What happens to the classification accuracy?

In [13]:
# Solve the exercise here
from sklearn.linear_model import LogisticRegression
from sklearn.feature_extraction.text import TfidfVectorizer
from sklearn.pipeline import Pipeline

model_lr = Pipeline([
    ('vectorizer', TfidfVectorizer(binary=True, stop_words='english')),
    ('classifier', LogisticRegression())
])

model_lr.fit(X_train, y_train)
y_pred = model_lr.predict(X_test)
accuracy = accuracy_score(y_test, y_pred)
print(f'Accuracy: {accuracy:.2f}')

Accuracy: 0.80


## Exercise 9: Using an LLM

But, why would we need to train a system, then use a classifier, and study all of that, if we can simply ask an LLM to do it? It could be as simple as:

In [None]:
import os
from dotenv import load_dotenv
import google.generativeai as genai

load_dotenv()

X = df.iloc[1]['Plot']
y = df.iloc[1]['Genre']

GEMINI_API_KEY = os.getenv('GEMINI_API_KEY')
#GEMINI_API_KEY = # Go to https://aistudio.google.com/ to get a key.
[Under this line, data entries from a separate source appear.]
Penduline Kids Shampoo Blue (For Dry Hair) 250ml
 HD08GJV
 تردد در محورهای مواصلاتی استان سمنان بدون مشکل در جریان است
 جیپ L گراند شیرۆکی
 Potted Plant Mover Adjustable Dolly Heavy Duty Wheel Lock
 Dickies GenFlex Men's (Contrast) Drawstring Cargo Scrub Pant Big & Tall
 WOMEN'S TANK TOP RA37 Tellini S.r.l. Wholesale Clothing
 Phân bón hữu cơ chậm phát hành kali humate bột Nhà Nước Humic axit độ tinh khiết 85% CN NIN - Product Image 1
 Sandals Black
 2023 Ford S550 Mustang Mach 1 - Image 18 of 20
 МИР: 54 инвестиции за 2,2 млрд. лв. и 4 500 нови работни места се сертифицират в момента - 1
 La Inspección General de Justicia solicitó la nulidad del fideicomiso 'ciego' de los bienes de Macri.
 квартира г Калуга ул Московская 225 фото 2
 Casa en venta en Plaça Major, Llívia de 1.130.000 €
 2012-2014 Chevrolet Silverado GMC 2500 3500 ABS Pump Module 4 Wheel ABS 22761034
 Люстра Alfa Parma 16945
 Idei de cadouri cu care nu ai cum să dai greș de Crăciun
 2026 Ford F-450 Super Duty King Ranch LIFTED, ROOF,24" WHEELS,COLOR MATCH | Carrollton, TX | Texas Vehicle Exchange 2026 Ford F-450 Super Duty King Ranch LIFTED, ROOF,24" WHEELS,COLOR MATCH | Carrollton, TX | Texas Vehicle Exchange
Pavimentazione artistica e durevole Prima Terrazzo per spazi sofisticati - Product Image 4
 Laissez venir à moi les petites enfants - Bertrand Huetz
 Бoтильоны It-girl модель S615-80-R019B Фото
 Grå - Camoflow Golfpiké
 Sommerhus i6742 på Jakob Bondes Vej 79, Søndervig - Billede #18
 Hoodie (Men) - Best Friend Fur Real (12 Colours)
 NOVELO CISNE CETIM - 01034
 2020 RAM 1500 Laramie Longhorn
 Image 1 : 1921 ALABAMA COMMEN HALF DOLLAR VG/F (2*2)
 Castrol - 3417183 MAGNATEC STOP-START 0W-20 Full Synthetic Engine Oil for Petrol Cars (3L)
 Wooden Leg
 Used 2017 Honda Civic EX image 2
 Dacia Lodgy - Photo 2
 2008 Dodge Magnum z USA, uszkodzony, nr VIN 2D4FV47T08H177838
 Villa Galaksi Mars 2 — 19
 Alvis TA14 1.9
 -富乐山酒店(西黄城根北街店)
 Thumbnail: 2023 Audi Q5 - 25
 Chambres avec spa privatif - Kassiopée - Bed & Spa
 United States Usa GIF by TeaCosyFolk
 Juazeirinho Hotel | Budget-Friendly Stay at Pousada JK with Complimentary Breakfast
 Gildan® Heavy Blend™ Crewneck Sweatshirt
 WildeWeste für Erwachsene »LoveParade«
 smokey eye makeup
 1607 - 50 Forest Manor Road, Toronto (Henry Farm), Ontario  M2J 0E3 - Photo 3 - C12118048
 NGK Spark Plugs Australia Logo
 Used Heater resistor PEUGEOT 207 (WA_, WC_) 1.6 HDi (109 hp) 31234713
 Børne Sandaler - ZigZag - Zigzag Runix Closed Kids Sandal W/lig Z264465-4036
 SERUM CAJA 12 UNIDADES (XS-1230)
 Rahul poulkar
DO NOT commit your key to the repository!

# Start the use of the API
genai.configure(api_key=GEMINI_API_KEY)

# Make our prompt here
prompt = f"Classify this movie plot: {X} as either comedy or drama. Reply with a single word stating either COMEDY or DRAMA, in all caps."
generation_config = genai.GenerationConfig(
    max_output_tokens=5,
    temperature=0.0,
)

# Use our prompt 
model = genai.GenerativeModel(model_name="gemini-1.5-flash")

response = model.generate_content(prompt,
                                  generation_config=generation_config)
print(f"Response: {response.text}\nExpected: {y}")

Try to replicate the results we obtained with the Logistic Regression system using LLMs. 

For such, you will need to write a small system that reads the response and retriever whether the response was "comedy" or "drama". Also, you might want to test the system with only a few entries, so you can save on using the API.